Chapter 19
Acute Kidney Injury (Case 12)
Isai Gopalakrishnan Bowline MD amd Akhtar Ashfaq MD
Case: The patient is a 77-year-old man with diabetes, hypertension, and benign prostatic hypertrophy who was admitted with nausea, vomiting, and altered mental status. He was well until 2 weeks ago when he developed cough and myalgias. He was seen in a walk-in clinic and prescribed antibiotics for an upper respiratory infection (URI). Although his URI symptoms subsided, he subsequently developed loose stools and anorexia. For the past 2 days he has been unable to keep down any food, and the morning of presentation he became confused and disoriented. His family has noticed that he has not been urinating much but states that he has not been drinking much either. On exam he is hypotensive and tachycardic.
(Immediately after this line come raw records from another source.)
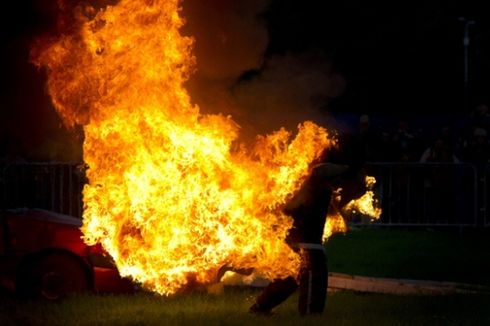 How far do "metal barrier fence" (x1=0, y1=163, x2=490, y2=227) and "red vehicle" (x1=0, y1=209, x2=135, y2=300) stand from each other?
237 inches

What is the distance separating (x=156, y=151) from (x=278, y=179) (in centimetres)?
111

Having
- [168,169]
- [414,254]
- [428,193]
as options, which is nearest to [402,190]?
[428,193]

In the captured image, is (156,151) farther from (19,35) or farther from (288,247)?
(19,35)

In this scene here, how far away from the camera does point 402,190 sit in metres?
18.9

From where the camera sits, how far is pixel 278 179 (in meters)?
9.77

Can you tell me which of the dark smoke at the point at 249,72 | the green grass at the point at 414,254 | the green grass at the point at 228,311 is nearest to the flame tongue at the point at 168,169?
the green grass at the point at 228,311

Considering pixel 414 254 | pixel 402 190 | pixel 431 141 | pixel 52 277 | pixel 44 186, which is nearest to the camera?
pixel 52 277

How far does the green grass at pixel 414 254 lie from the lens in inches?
566

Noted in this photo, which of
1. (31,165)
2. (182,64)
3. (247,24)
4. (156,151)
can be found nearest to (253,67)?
(247,24)

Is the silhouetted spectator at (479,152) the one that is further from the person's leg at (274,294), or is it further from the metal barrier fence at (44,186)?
the person's leg at (274,294)

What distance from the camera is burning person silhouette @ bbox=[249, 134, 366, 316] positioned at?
9703 millimetres

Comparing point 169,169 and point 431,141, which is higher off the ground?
point 431,141

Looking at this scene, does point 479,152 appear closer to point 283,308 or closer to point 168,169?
point 283,308

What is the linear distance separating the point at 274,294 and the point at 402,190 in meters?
9.28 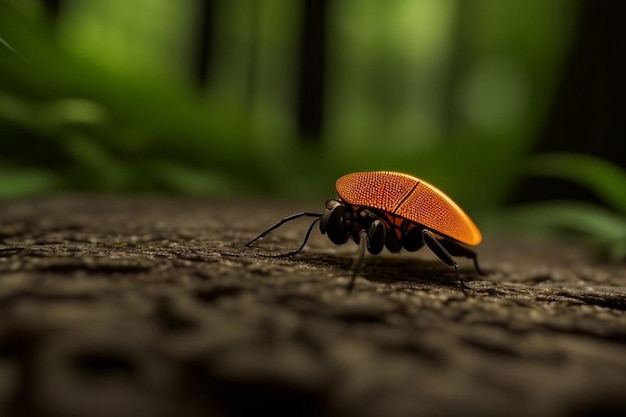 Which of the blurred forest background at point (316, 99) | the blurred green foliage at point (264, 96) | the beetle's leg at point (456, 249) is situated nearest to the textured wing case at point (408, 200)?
the beetle's leg at point (456, 249)

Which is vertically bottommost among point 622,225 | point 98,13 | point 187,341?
point 622,225

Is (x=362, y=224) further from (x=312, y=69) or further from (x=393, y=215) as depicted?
(x=312, y=69)

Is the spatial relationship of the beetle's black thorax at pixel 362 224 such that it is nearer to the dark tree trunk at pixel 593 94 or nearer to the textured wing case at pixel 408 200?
the textured wing case at pixel 408 200

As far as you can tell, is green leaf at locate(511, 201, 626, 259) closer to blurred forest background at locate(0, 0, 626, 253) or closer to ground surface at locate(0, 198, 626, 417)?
blurred forest background at locate(0, 0, 626, 253)

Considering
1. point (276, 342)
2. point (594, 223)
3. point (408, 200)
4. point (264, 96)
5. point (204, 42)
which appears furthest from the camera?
point (264, 96)

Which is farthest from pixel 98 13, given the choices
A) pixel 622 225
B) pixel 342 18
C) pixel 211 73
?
pixel 622 225

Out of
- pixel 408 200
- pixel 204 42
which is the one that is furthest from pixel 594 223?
pixel 204 42

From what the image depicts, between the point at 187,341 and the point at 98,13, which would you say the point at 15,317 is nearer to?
the point at 187,341

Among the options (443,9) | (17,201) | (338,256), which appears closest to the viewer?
(338,256)

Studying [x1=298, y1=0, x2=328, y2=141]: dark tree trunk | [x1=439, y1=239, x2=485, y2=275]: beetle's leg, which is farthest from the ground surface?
[x1=298, y1=0, x2=328, y2=141]: dark tree trunk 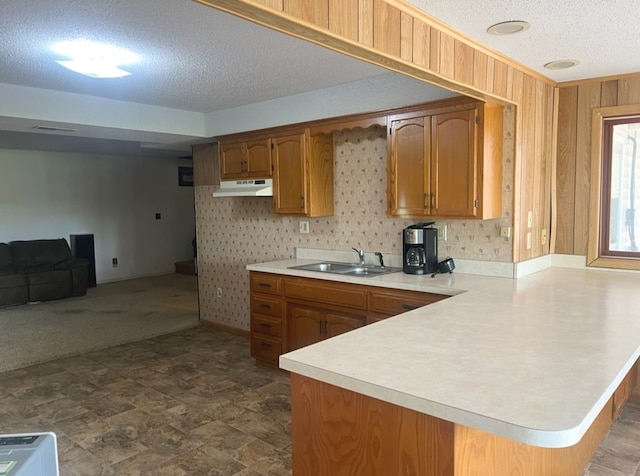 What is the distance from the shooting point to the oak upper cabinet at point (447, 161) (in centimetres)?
311

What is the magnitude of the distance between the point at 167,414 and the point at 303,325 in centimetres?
Answer: 119

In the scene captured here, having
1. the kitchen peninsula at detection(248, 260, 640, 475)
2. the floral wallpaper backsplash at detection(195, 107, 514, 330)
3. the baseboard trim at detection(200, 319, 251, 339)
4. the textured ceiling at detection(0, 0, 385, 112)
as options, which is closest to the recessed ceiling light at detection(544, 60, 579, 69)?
the floral wallpaper backsplash at detection(195, 107, 514, 330)

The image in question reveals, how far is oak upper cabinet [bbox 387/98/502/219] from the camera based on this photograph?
3.11m

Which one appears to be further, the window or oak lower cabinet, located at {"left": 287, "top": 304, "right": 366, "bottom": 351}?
oak lower cabinet, located at {"left": 287, "top": 304, "right": 366, "bottom": 351}

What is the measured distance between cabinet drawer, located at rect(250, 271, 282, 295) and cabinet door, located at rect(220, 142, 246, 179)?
3.64 ft

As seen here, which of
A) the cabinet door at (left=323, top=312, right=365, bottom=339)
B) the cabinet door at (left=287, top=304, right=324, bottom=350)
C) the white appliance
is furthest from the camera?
the cabinet door at (left=287, top=304, right=324, bottom=350)

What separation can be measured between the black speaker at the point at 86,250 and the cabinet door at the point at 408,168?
656 centimetres

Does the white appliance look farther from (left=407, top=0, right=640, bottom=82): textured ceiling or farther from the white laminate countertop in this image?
(left=407, top=0, right=640, bottom=82): textured ceiling

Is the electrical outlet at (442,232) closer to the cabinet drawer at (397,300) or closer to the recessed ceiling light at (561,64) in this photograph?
the cabinet drawer at (397,300)

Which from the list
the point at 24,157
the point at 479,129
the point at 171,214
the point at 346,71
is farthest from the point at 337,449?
the point at 171,214

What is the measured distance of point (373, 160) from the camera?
3.94 metres

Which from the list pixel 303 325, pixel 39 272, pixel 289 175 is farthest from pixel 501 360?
pixel 39 272

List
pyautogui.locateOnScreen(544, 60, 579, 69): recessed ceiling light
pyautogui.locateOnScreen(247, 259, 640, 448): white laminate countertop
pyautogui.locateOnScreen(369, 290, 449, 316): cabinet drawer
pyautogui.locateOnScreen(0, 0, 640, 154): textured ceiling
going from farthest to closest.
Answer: pyautogui.locateOnScreen(369, 290, 449, 316): cabinet drawer
pyautogui.locateOnScreen(544, 60, 579, 69): recessed ceiling light
pyautogui.locateOnScreen(0, 0, 640, 154): textured ceiling
pyautogui.locateOnScreen(247, 259, 640, 448): white laminate countertop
Initial admission lab tests show a blood urea nitrogen (BUN) of 43 mg/dL and a creatinine (Cr) of 3.5 mg/dL.
Differential Diagnosis
Speaking Intelligently
• Evaluate AKI with a systematic approach to reverse any potential causes, minimize any further injury, and initiate appropriate therapy.
• Determine whether the elevated serum creatinine is due to an acute insult or whether the creatinine is chronically elevated; our patients are often unaware of any previous disease, and it is helpful to look at their past creatinine values.
• Classify the patient based on urine output.
• Anuria is defined as a urine output less than 100 mL/day; anuria is rare and suggests complete obstruction, ATN, or a vascular event.
• Oliguria is defined as urine output less than 400 mL/day; oliguria is commonly seen with AKI, and patients with oliguria should be evaluated closely because fluid overload and electrolyte abnormalities can occur rapidly.
• When evaluating for prerenal azotemia, it is important to inquire about volume loss.
• Has the patient had any diarrhea, vomiting, or burns, or is he or she taking diuretics?
• Hypovolemia can cause profound renal failure especially in the setting of certain medications (nonsteroidal anti-inflammatory drugs [NSAIDs], angiotensin-converting enzyme [ACE] inhibitors or angiotensin II receptor blockers [ARBs]) and conditions (renal artery stenosis) that limit the kidneys’ ability to compensate for hypovolemia.
• Evaluate for any signs of infection that may also result in hypovolemia. Has the patient had any cough, congestion, diarrhea, dysuria, fevers, or chills?
• Review the patient’s medical history for any cardiac conditions that may reduce cardiac output and forward flow to the kidneys.
• Inquire about liver disease, which may result in decreased renal perfusion as a consequence of arterial vasodilation in the splanchnic circulation.
• Eliminating postrenal etiologies involves assessing urine output.
• Ask the patient about urgency, hesitancy, incontinence, and frequency of urination; each of these can be a symptom of incomplete bladder emptying.
• Inquire about hematuria; gross hematuria can be a sign of stone disease or malignancy, and blood clots can lead to obstruction.
• Review medications for use of anticholinergic medications that may cause urinary retention.
• Consider etiologies that precipitate intrinsic renal disease.
• Review the patient’s medical history for systemic diseases that affect the kidney, such as systemic lupus erythematosus (SLE), diabetes, hypertension, HIV infection, or hepatitis C.
• Inquire about recent trauma, which can precipitate rhabdomyolysis.
• Consider atheroembolic disease in patients with recent endovascular procedures.
• Inquire about symptoms of fever, rash, and arthralgias to support the diagnosis of interstitial nephritis.
• Review medications that may potentially cause ATN, such as the aminoglycosides.
• Physical assessment of volume status is very important in evaluating the cause of AKI.
• Vital signs are crucial; look for hypotension and tachycardia to support the diagnosis of prerenal azotemia.
• Central venous pressure (CVP) tracings and wedge pressures can give a more definitive assessment of volume status.
• Dry mucous membranes and hyperthermia support hypovolemia as a diagnosis.
• Distended neck veins, S3 gallop, bibasilar crackles, and edema support the diagnosis of heart failure with resultant renal hypoperfusion.
• Stigmata of cirrhosis may support the diagnosis of hepatorenal syndrome. Periorbital, sacral, and lower extremity edema can be signs of glomerular diseases.
• Examine the skin thoroughly to evaluate for any rash that may hint at an allergic interstitial nephritis.
• Blue toes with palpable pulses and livedo reticularis support the diagnosis of atheroembolic disease.
• Be mindful of physical exam findings associated with the systemic diseases that have renal manifestations, such as the malar rash of SLE. A palpable bladder, enlarged prostate, or palpable pelvic masses are suggestive of obstruction.